Sharon Harnett, the director of Defence Archives and Service Centres, said the project was necessary to ensure the files were protected from possible damage, stored securely, and to speed up the process for ex-ADF members and their families accessing the documentation.
“We get more than 43,000 requests a year to access information about our ex-members,” Ms Harnett said.
“That is often from ex-service affiliated organisations, relatives of members, historians performing research, and members themselves seeking information for various reasons, including compensation claims.”
It is an extensive process to ensure the privacy of the records, locate the physical file, digitise it, send it securely, and then ensure it is properly returned.
“We have a month to respond to these requests,” Ms Harnett said.
“We have been organically digitising about 100 metres of files a month, as part of our business-as-usual process, just responding to the requests we get on a daily basis.
“However, two or three years ago we identified the need to digitise all our files to the national archives standard to speed up the process, safeguard the information and ensure easier access for our customers.”

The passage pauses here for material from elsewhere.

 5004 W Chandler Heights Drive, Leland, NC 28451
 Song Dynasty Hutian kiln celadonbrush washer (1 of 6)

David Whitrod, 53, is one of the people working on the project preparing files to be scanned.
Mr Whitrod said he had experienced difficulties gaining employment after he was made redundant from a factory he had worked at for a decade and is now working at the disability social enterprise, Ability Works, assisting the ADF to digitise its files. Mr Whitrod lives with Asperger’s Syndrome.

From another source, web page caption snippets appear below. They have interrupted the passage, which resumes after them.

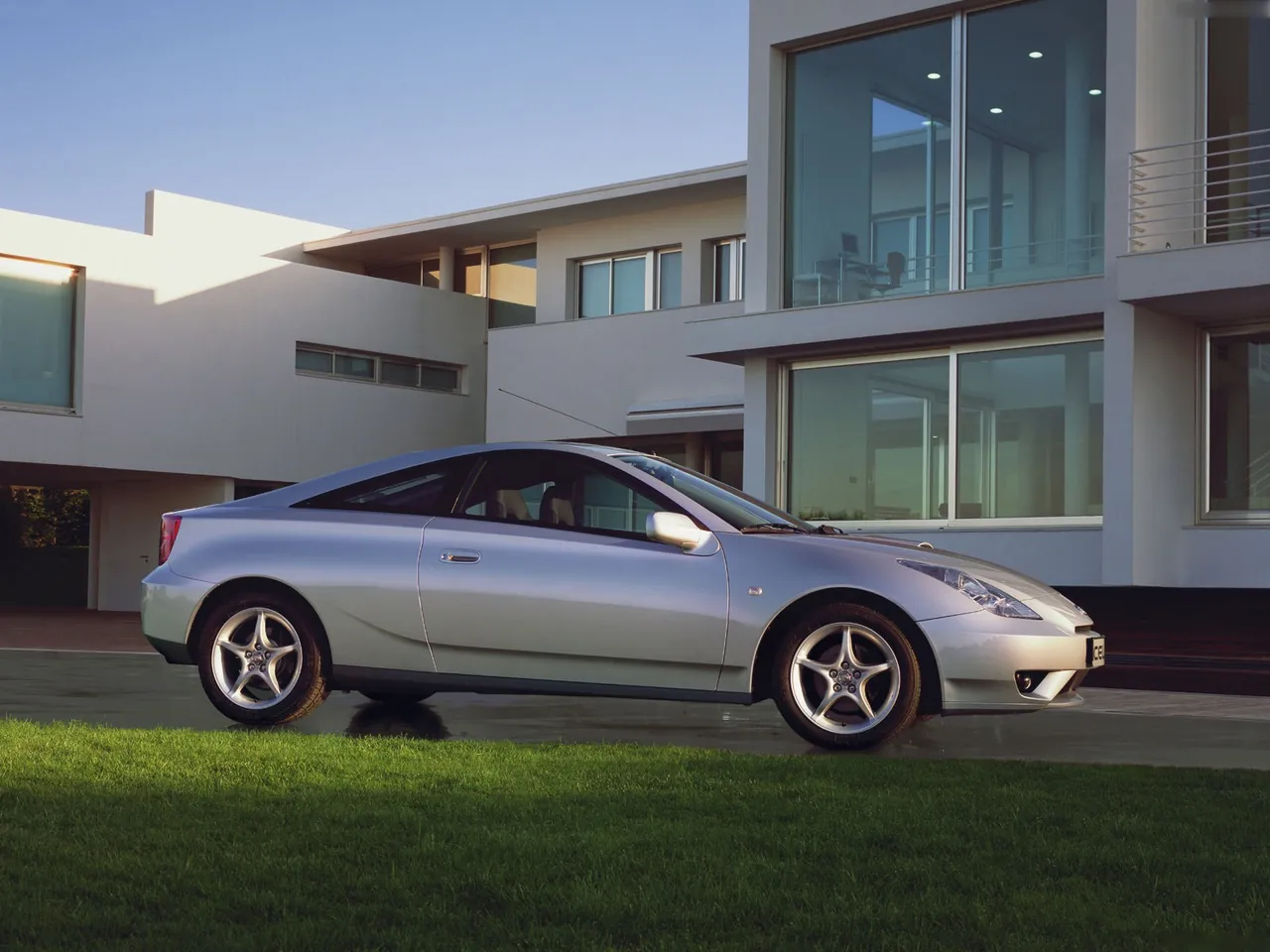 Toyota Celica (2003) - Side Profile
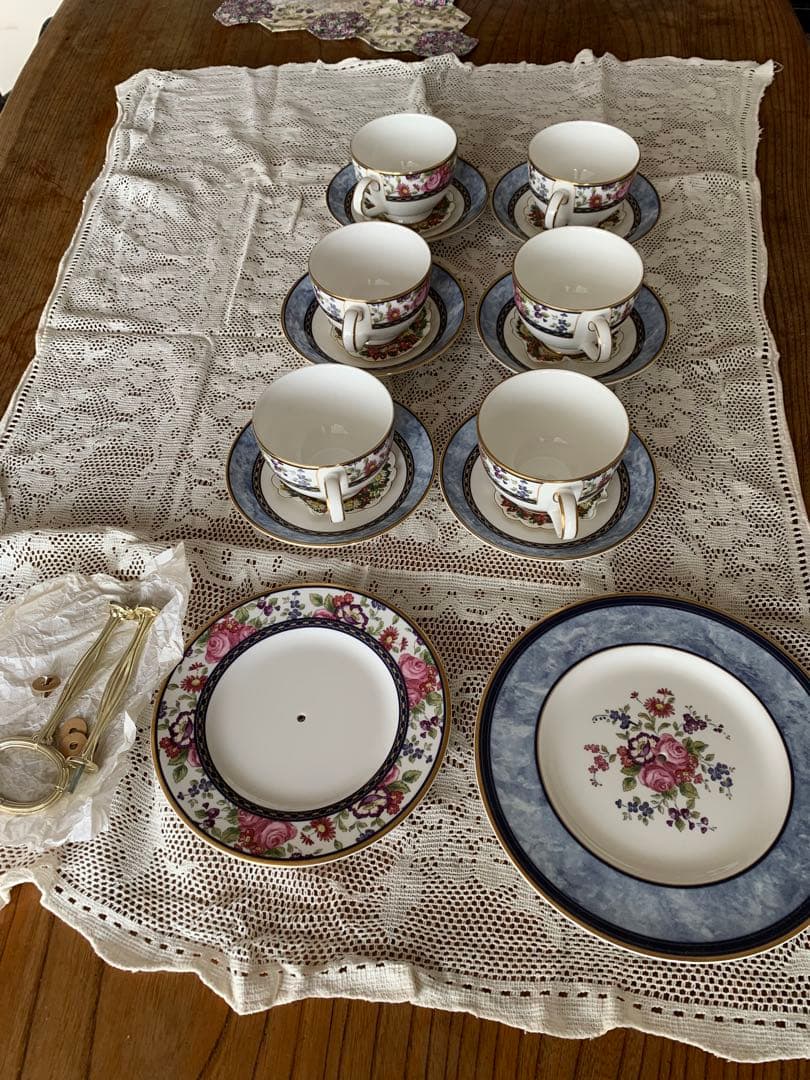 ロイヤルドルトン センテニアル ローズ ケーキスタンド カップ ソーサー セット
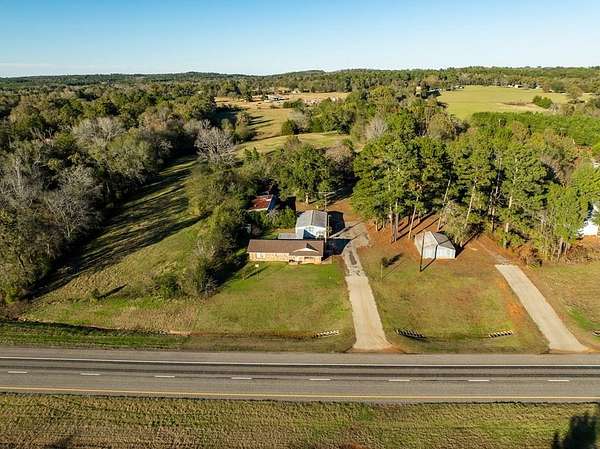 13 Acres of Land with Home for Sale in Frankston, Texas
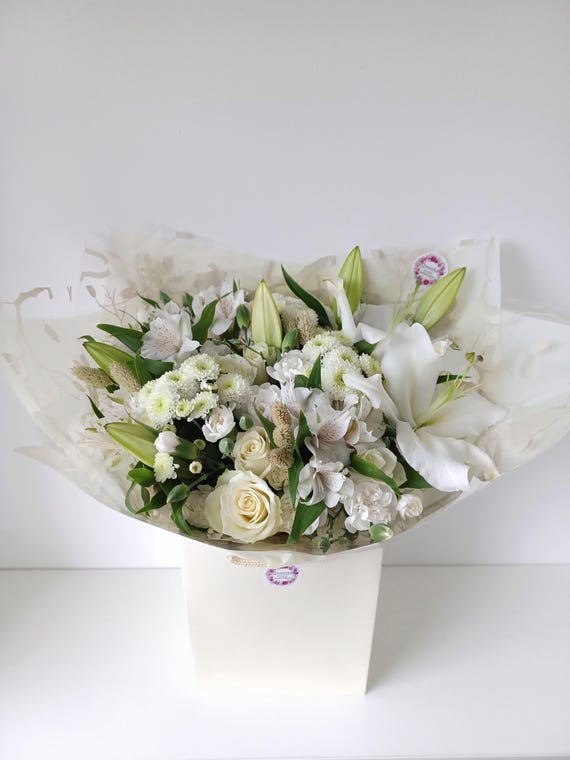 White Elegance live seasonal flower bouquet | Fresh cut seasonal flowers | Mother's Day | Birthday | Anniversary | Engagement | Thank You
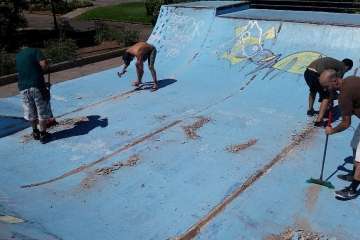 Los deportistas se pusieron mano a la obra (Foto TA)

He said going through the files and preparing them for scanning at Ability Works’ worksite in Kew had given him a sense of satisfaction in his work.
“You have to be very careful and pay attention as the documents can be quite old or crumpled. I lay them out, remove any staples or clips and fix any tears in the paper before they are scanned,” he said.
CEO of Ability Works, Sue Boyce, said Mr Whitrod’s attention to detail and care with the files made him a perfect fit for the mammoth task ahead.
“It’s wonderful that Defence is taking the opportunity to support the employment of people with disabilities, like David, and to engage them in a project of national significance,” Ms Boyce said.
“These are people who are hard workers, have skills, talents and knowledge but often find it difficult to enter the workforce and retain their employment due to lack of support available in workplaces and an unwillingness for employers to be flexible to their requirements.”
Ms Harnett said the Department of Defence was proud to support the employment of people with disabilities and were now looking for further opportunities to include other people marginalised from Australia’s workforce in the five-year digitisation project.
“Working with a social enterprise employing people with disabilities was really a proof of concept and now that we have set up the program, the quality of the work is great. We would like to continue to bring in a greater diversity of people into our projects, which helps continue the positive legacy of the members whose information is included in these files,” Ms Harnett said.
Ms Harnett added “Defence has a number of inclusive employment programs that provide opportunities for individual’s disability to work in Defence. These programs include the Defence Administrative Assistance Program, the Defence Inclusive Employment Program and the Dandelion Program.
“These programs have contributed to realising the Department’s commitments to improving the diversity of our workforce and inclusion in our workplaces.”